Mullan Road from Milltown to Bearmouth
Posted By admin on June 8, 2010
We were in Milltown at the end of our last post. In just a few hundred yards, before you get to the churches and school at Bonner, turn right off Highway 200 onto Highway 210 through Piltzville.
The Mullan Road tended to hug the base of the mountain tighter than the today’s highway does because the river channel used to do the same before the railroads came. Just past the fire station in Piltzville, the highway drops down into what used to be the channel. At several points in the next 30 miles or so, the Road took to the side of the mountain to avoid river crossings, and you can see remnants of the side cuts east of Turah.

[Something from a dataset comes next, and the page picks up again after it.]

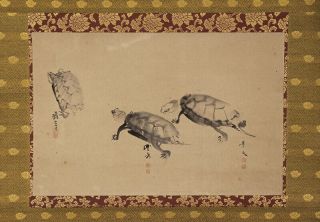 Japanese Hanging Scroll Art Painting Collaboration " Turtles " E7524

Just past Donovan Creek Road (on your left) there’s a turnoff to the right on E. Mullan Road. It crosses the tracks, passes under the interstate and continues into and through Clinton before dead-ending. You can save a few miles by hopping on the interstate at the Clinton interchange (Exit 121). Frontage roads between here and the Bearmouth exit always dead end. The Mullan Road was generally to the north (left) or right under your wheels, past Rock Creek and on.
I don’t know its exact route over Beavertail Hill (before Exit 130), but there’s a faint trace of a road visible from the interstate as you go down the hill, past Beavertail Pond.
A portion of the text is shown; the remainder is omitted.